Historic district in the United States

The Gilbert–Sinton Historic District is an area in the southern portion of the Walnut Hills neighborhood of Cincinnati, Ohio, United States. A triangle measuring slightly more than 13 acre in area, the district's edges are generally Morris Street and Sinton Avenue (both small residential streets) and the substantially larger Gilbert Avenue, which is concurrently designated as U.S. Route 22 and State Route 3.

Most of the district was created by a small group of real estate developers working in conjunction with each other. As a result, none of the present buildings were constructed before 1880, and little construction occurred after the turn of the 20th century. Additionally, the architecture is relatively homogenous: most of the buildings are large residences constructed as homes for the wealthy, and the architectural styles exhibited in the district (which is predominantly Queen Anne and Shingle style) feature similar components and designs.

In its early years, life in the present-day Gilbert–Sinton neighborhood was accompanied by plentiful amenities. When public transportation was initially established in the area, its first route ran along Sinton Avenue, and Cincinnati's first cable car line used Gilbert Avenue. Neighborhoods all along this pioneer cable car route expanded rapidly, and Gilbert–Sinton was no exception. Even today, the impact of these early public transportation routes is evident in the neighborhood. Residents did not need to travel for entertainment; besides being the district's southern boundary, Morris Street is the northern boundary of the large Eden Park.

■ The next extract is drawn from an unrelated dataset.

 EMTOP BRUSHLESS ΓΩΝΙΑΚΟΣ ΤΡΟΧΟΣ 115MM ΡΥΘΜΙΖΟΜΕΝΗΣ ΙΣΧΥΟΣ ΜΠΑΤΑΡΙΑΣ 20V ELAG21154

In 1983, the Gilbert–Sinton neighborhood was named a historic district and listed on the National Register of Historic Places. Eighty-seven of the district's ninety buildings were counted as contributing properties. Among these properties are the Gilbert Row along Gilbert Avenue and a pair of buildings known as Madam Fredin's Eden Park School and Neighboring Row House on Morris Street, which had already been listed on the National Register in 1982 and 1979 respectively.